# More fun with construction grade lumber



## Lee Brubaker (Jan 30, 2006)

Further to the previous arbor post, a neighbor got a look at it & started a nag for an arbor entrance to her garden. The wife insisted that hers had to be different than ours. Back to the kitchen table designing. Laminated spruce boards again for the same reason. This arbor entailed a fair amount of router table work & again, multiple coats of exterior acrylic latex. Thanks again for lookingl.

Lee


----------



## Mark (Aug 4, 2004)

Wow Lee, those are definatly something else, really good job.


----------



## bobj3 (Jan 17, 2006)

Nice Job Lee  

Need a zoom in shot PLEASE... 


see snapshot... 


Bj


----------



## Lee Brubaker (Jan 30, 2006)

There is no metal of any sort in the panels. The only metal are screws attaching the top of the arbor to the ends & the angle braces running from the upper ends diagonally to the top. The panels are laminated spruce 7/8" W x 1-1/2" thick. Lap joints at the crossover points.Dowels at the angled corners of the pattern. The hexagons were formed from laminated squares 1-1/2" thick with the inner areas first drilled out then final machining with a jigsaw attachment on my RAS. The outer shape of the hexagon was cut using the RAS. Frames were assembled to slide snuggly into the spaces between the upper, mid, & bottom design panels. These are 6" wide.
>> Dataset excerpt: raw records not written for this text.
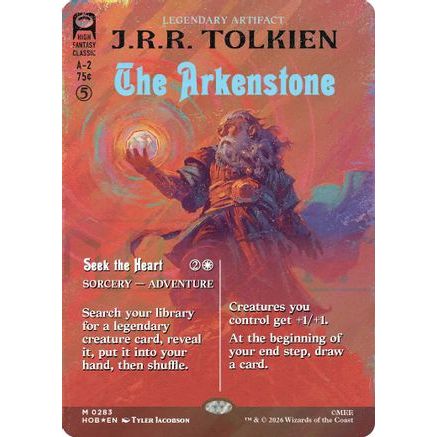 The Arkenstone (Borderless) (Surge Foil) (HOB-283) - The Hobbit Foil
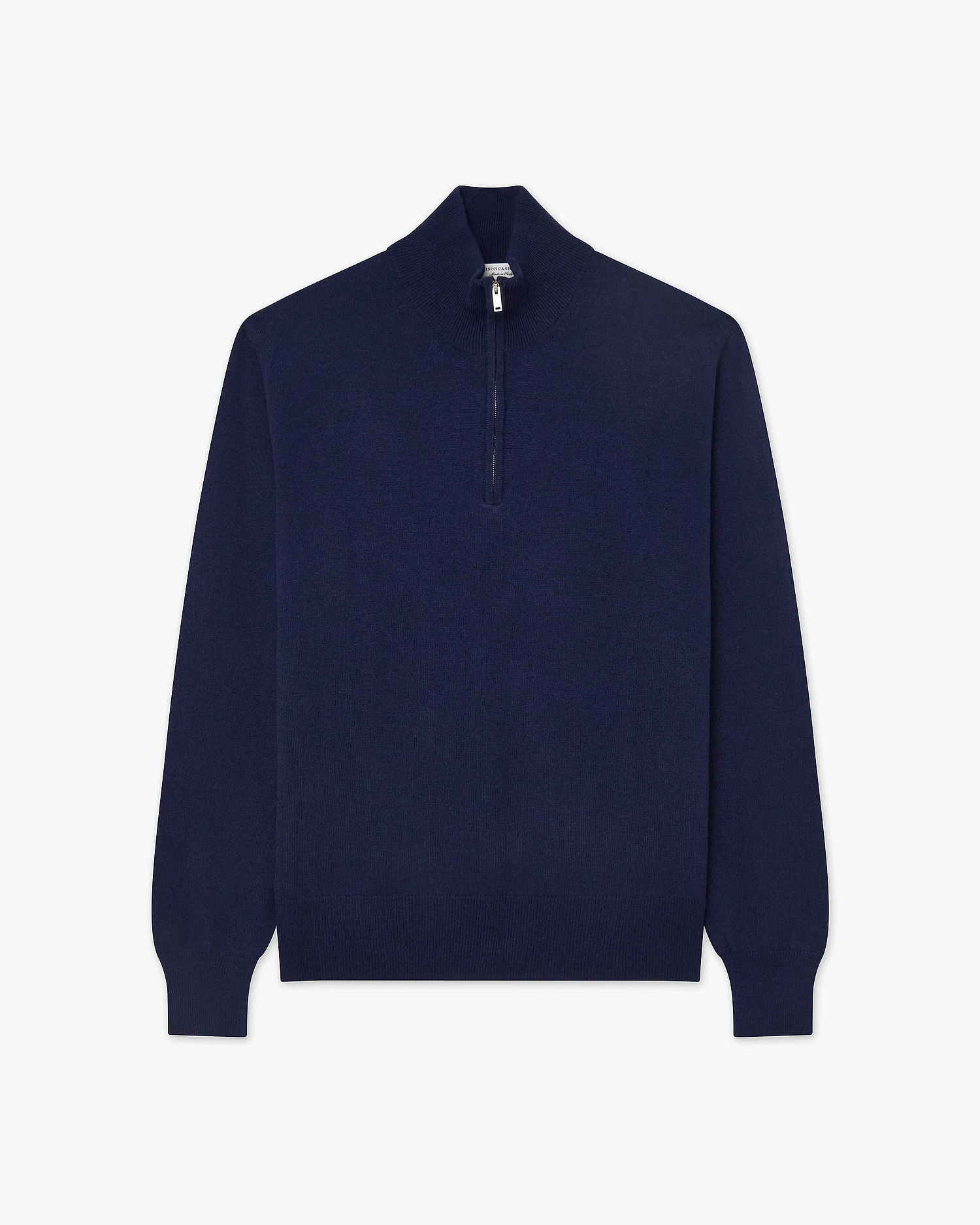 Men's Saxon Half-Zip Mock Neck - Blue Merino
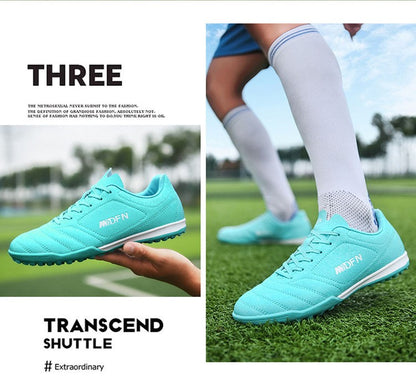 New Men Football Boots Men Soccer Shoes Adults Society Football Cleats Ultralight Training Soccer Sneakers Outdoor Lagre Size 47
Dowels & glue were used where ever the pattern touches the insides of the frame. The patterned frames were then dowelled & glued into the end uprights.The top,mid, & bottom 6" wide panel design I stole from a quilting book by scanning & printing the design, then cutting the design into segments & shuffling them around until I found a modified design that I liked. So there you are....nothing overly difficult because I'm only a hobbyist & I have to keep things simple.

Lee


----------



## KENNETH KIDWELL (Sep 23, 2005)

If this is not difficult for you then I would hate to se what is.
This is more than I might try to take on.


----------



## Lee Brubaker (Jan 30, 2006)

Ken: The hardest thing about any project is the starting itself. The first thing is to consider what tools will be needed in the process & if you have them what order of steps to do the fun job. Lastly you simply say to yourself that "I can do that" & get with it. You will be surprised by the nifty stuff that can come out of your shop.

Lee


----------